## About this exercise
Leaving the images out, output each entry below exactly.

## Available data
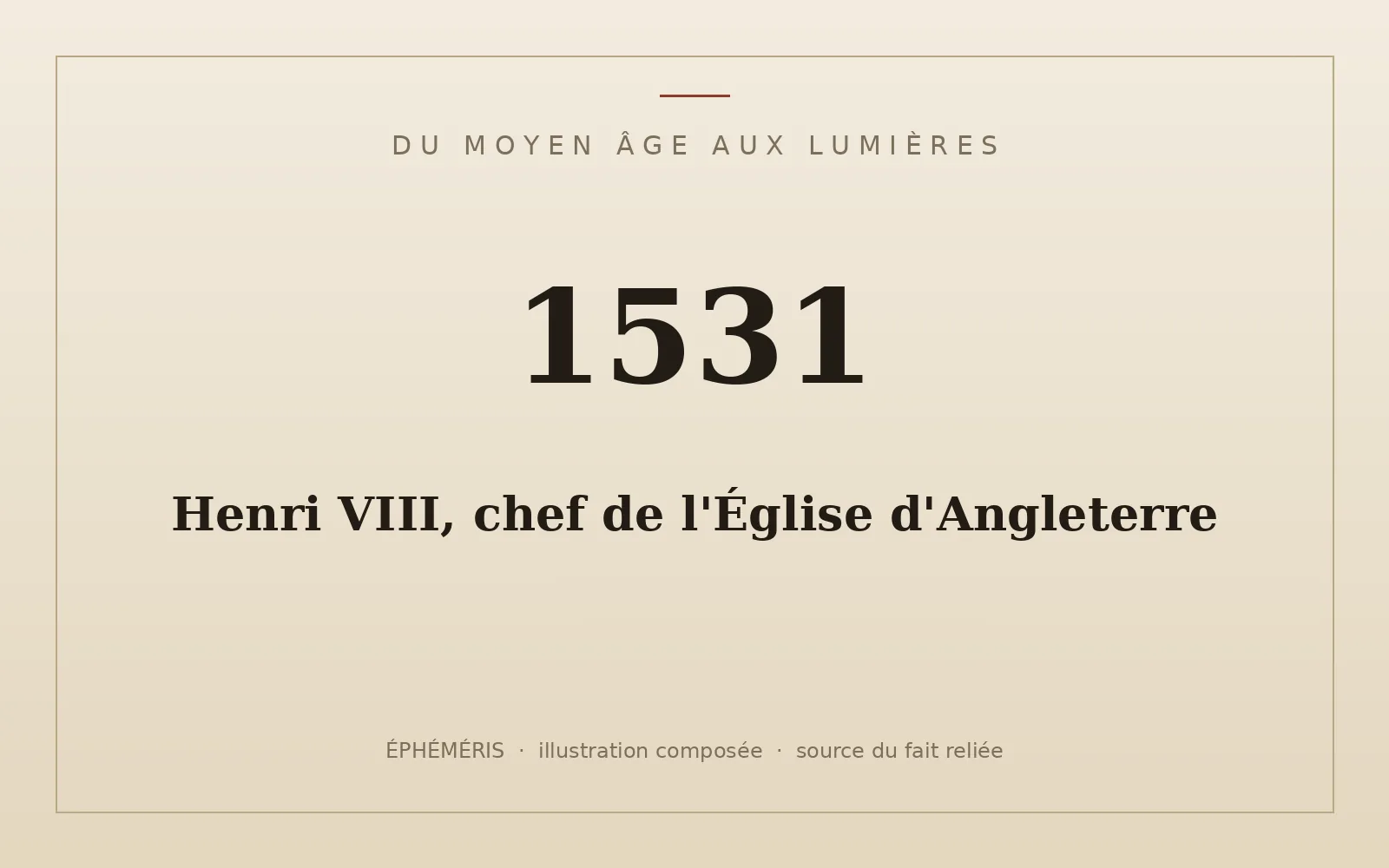 Plaque typographique : Henri VIII, chef de l'Église d'Angleterre.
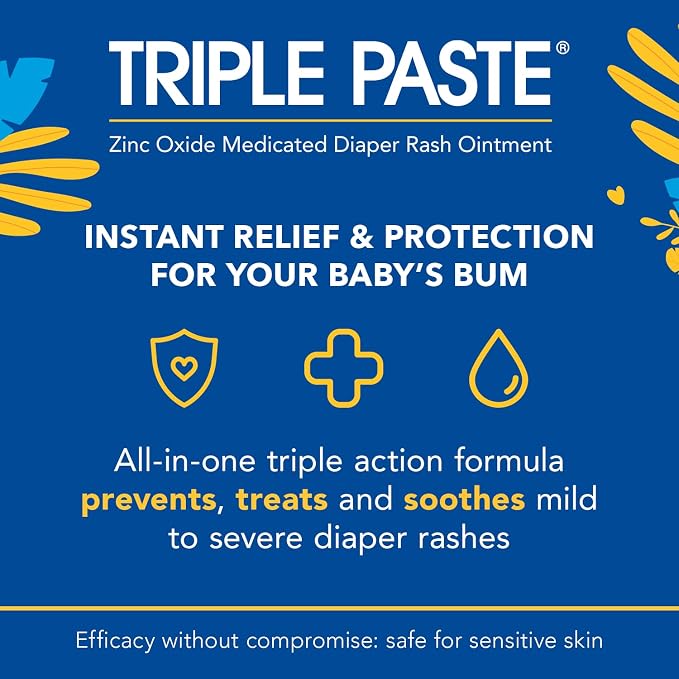 Triple Paste Diaper Rash Cream for Baby - 8 Oz Tub – Zinc Oxide Ointment Treats - Image 2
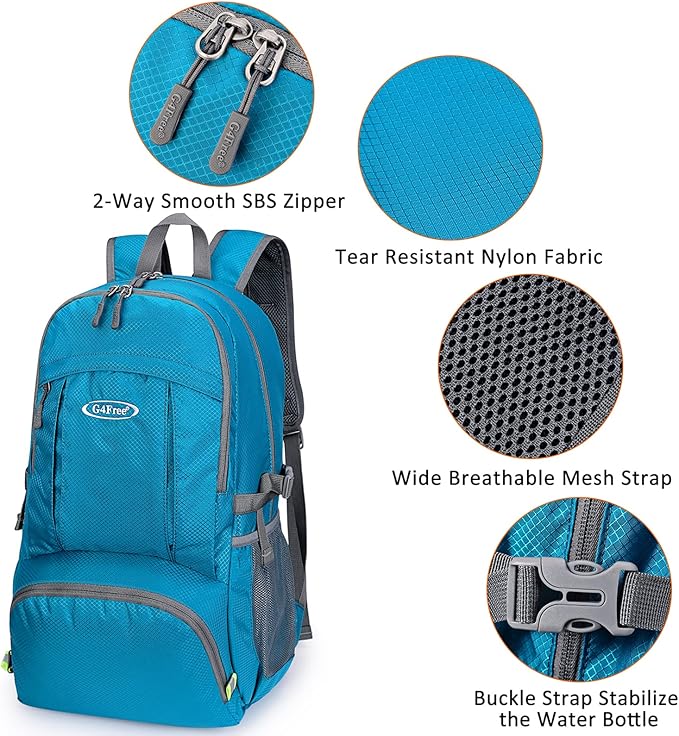 G4Free Lightweight Packable Hiking Backpack, Waterproof Travel Daypack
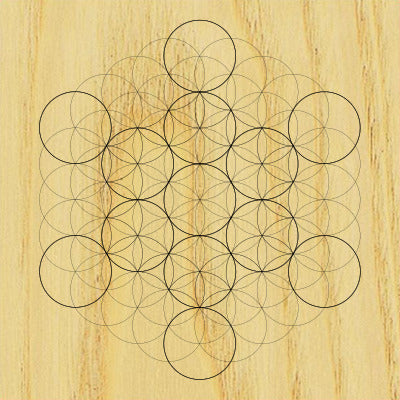 Sacred Geometry Wooden Crystal Grid Plate - Fruit of Life
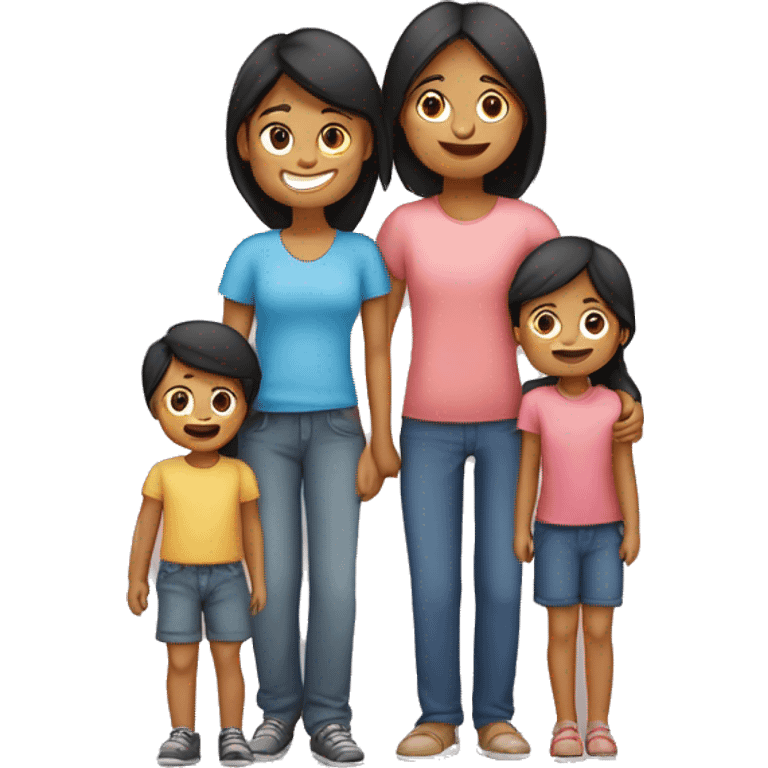 Make an emoji of a family with 2 kids and 1 toddler and 1 of the kids is a female and the toddler is a female and the other kid is a male and their mum is from the Philippines and their dad is from India  emoji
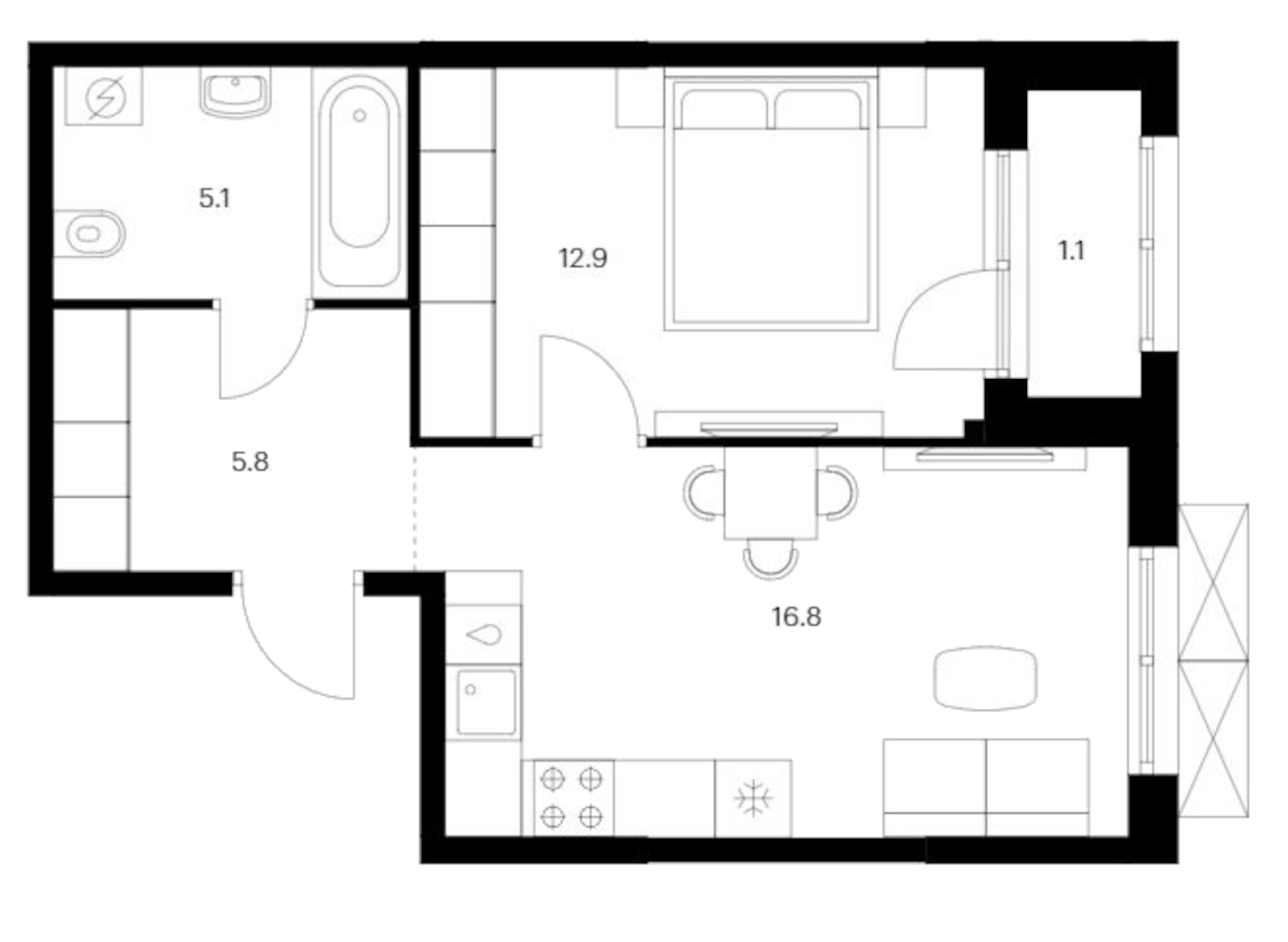 Планировка — Исеть парк, 1-комн., 41 м²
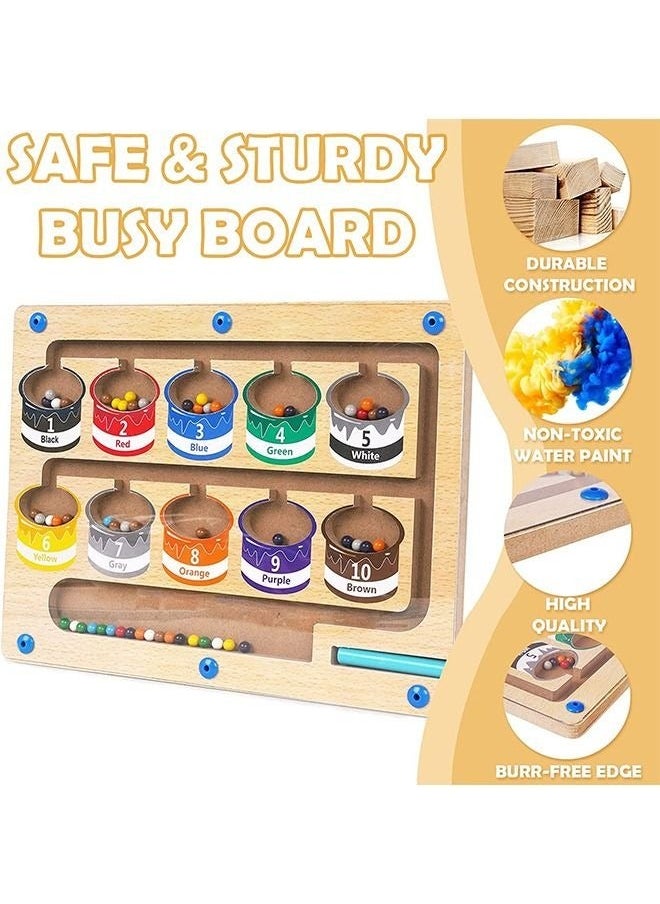 Color and Number Magnetic Maze - Montessori Educational Wooden Puzzle Game Board for Toddlers Matching Toys Toddler Activity Learn Fine Motor Skills Preschoolers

## Solved exercise
 Plaque typographique : Henri VIII, chef de l'Église d'Angleterre.
 Triple Paste Diaper Rash Cream for Baby - 8 Oz Tub – Zinc Oxide Ointment Treats - Image 2
 G4Free Lightweight Packable Hiking Backpack, Waterproof Travel Daypack
 Sacred Geometry Wooden Crystal Grid Plate - Fruit of Life
 Make an emoji of a family with 2 kids and 1 toddler and 1 of the kids is a female and the toddler is a female and the other kid is a male and their mum is from the Philippines and their dad is from India  emoji
 Планировка — Исеть парк, 1-комн., 41 м²
 Color and Number Magnetic Maze - Montessori Educational Wooden Puzzle Game Board for Toddlers Matching Toys Toddler Activity Learn Fine Motor Skills Preschoolers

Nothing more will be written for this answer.